クラシックの有名な音楽理論書「Tonal Harmony」や Berklee ではセカンダリー・ドミナント等は転調とは考えません。
ここで詳しい説明はできませんが、メロディーの場合は Cキーで他のキーで出てくるC#やBbの音が使われていても必ずしも転調にはならないですよね。
コードでも同じことが起きていると思ってください。
これはセカンダリー・ドミナント コードとは何か、ということを理解すれば分かることですが、クロマチック・テンデンシー にヒントがあります。
ダイアトニック・コード以外のコードが使われた時はそのキーを保持するようなコードスケールを使い、できるだけトーナルセンターを保持するようにします。このコードスケールは難しいものではなく、コード トーン以外の音をそのキーの音にすればいいだけです。(ドミナントは不安定ですぐに解決するので、オプションとしていろいろなドミナントスケールが可能です)
Moment’s Notice ですが、アナライズで書いているように、この曲は一度も転調していないと考えています。
従って、この曲のContiguous II-V 部分においてもメロディーに同じ音を使っており、Ebを Do として全体を歌うことができます。
(メロディーとコードが同時に動くContiguous II-V を使った曲では転調と同じ歌い方が必要になります。)
エクステンデッド・ドミナントやエクステンデッド II – V では、メロディーが一緒に動いている場合は転調として歌う必要があります。
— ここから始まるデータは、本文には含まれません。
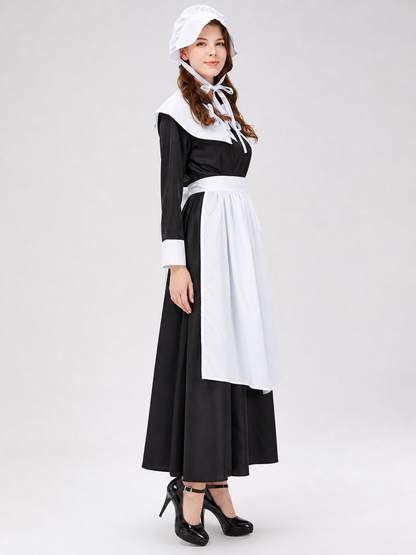 The uniform costume is designed in a black-and-white color scheme and combines elements of a classic maid outfit with a stage costume format. The model creates a complete look with a black top and skirt, long sleeves, white cuffs, a wide wh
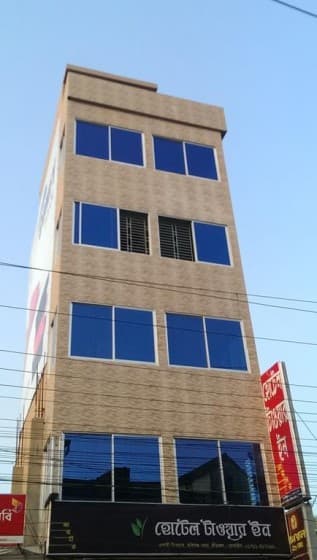 Daytime street view of the tan-tiled Tower Inn building with its Bangla signboard "হোটেল টাওয়ার ইন" (Hotel Tower Inn) above the ground-floor shop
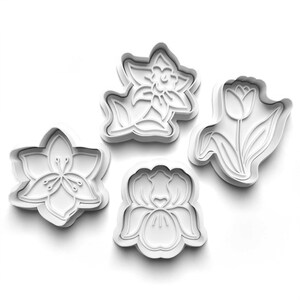 May include: Four white plastic flower-shaped cookie cutters. The cutters include a lily, a daffodil, a tulip, and an orchid. The cutters are designed with detailed floral outlines, perfect for baking spring-themed cookies. The cutters are on a white background.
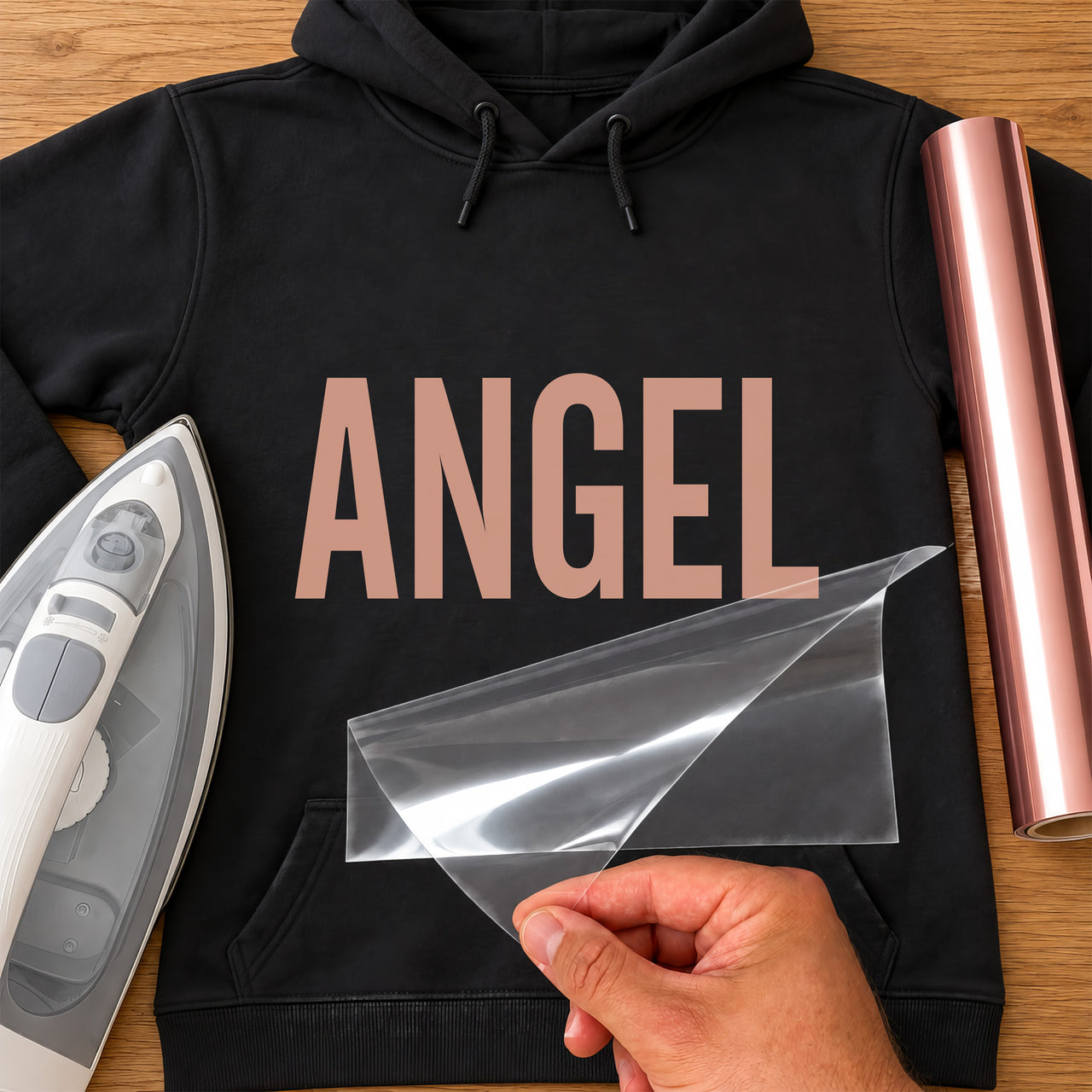 Black hoodie with rose gold 'ANGEL' iron-on vinyl transfer in bold capitals, carrier sheet being peeled off, iron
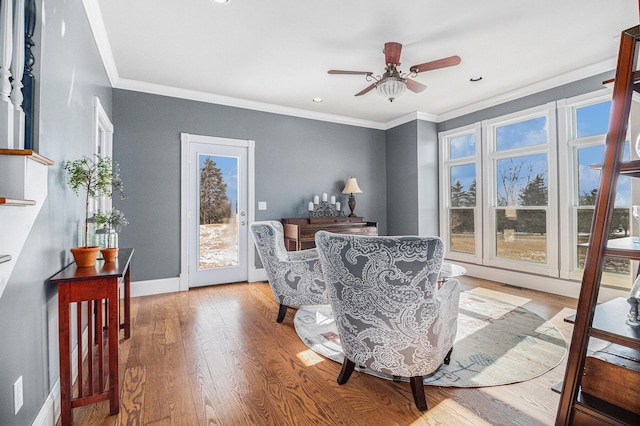 interior space with crown molding, ceiling fan, and light wood-type flooring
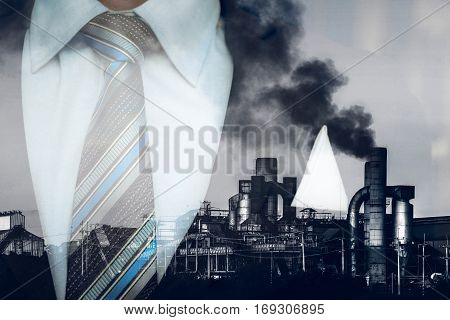 Double Exposure Smokestack In Factory Polution With Business Man , Business Man Factory Concept.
しかし、同じメロディーなので難しくはありません。同じエクステンデッド・ドミナントでも例えばビバップ・ブルースの例では転調とはならないです。
日本語の音楽用語は紛らわしいものが多いですが、部分転調もその一つでしょう。実際に部分的な転調と考えられていたのかもしれませんが、部分転調は転調と考えない方がいいと思います。転調と考えると難しくなるだけでなく、トーナルセンターの保持も難しくなります。